Recovery from the procedure takes 3 to 4 weeks. Heavy lifting and sexual intercourse should be avoided for 4 to 6 weeks. Normal daily activity can resume within 1 to 2 weeks. Recent studies have shown that tension-free vaginal tape (TVT) may be up to 90% effective over time.
Complications are rare and include bleeding; blood vessel, bladder, and bowel injury; and urinary retention. If painful urination (dysuria), bleeding, or other concerns arise, the patient should contact her physician immediately.
Newer procedures such as the Monarc subfascial hammock and transobturator tape (TOT) also can be used to correct stress incontinence and combined stress and urge incontinence in women. These techniques may result in fewer complications (e.g., blood vessel, bladder, and bowel injury) than other transvaginal procedures.
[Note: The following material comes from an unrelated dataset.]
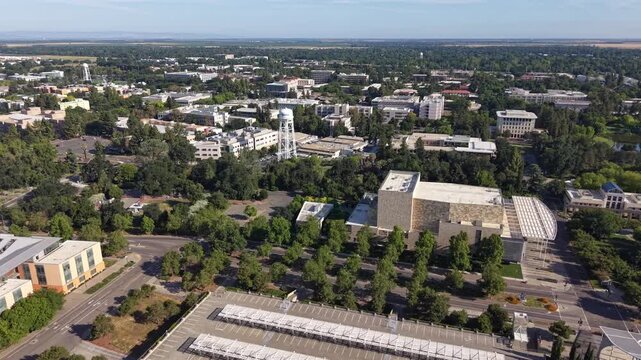 Aerial daytime drone view of the University of California, Davis, campus, showing academic buildings, parking lots with solar panels, green trees, and the city of Davis in the background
In October 2008, the U.S. Food and Drug Administration (FDA) issued a warning to physicians about possible complications resulting from surgical mesh devices (e.g., slings) used to treat stress incontinence. These complications, which include infection, pain, and mesh erosion (i.e., wearing away of the material), can significantly decrease the quality of life for affected patients and may require additional surgery. Patients who have additional health problems, patients who undergo an accompanying surgical procedure (e.g., hysterectomy), and women who are postmenopausal may be at increased risk for complications from mesh devices.
An artificial urethral sphincter may help patients who are incontinent after surgery for prostate cancer or stress incontinence, trauma victims, and patients with birth defects in the urinary tract.
The device has three components: a pump, a balloon reservoir, and a cuff that encircles and closes the urethra. All three components are filled with fluid (e.g., saline). The cuff is connected to the pump, which is surgically implanted in the scrotum (in men) or the labia (in women). The pump is activated by squeezing or pressing a button. The fluid in the cuff empties into the reservoir, the urethra opens, and the bladder empties. Fluid from the reservoir returns to the cuff, which again closes the urethra.
Possible complications include infection, tissue breakdown, and mechanical failure.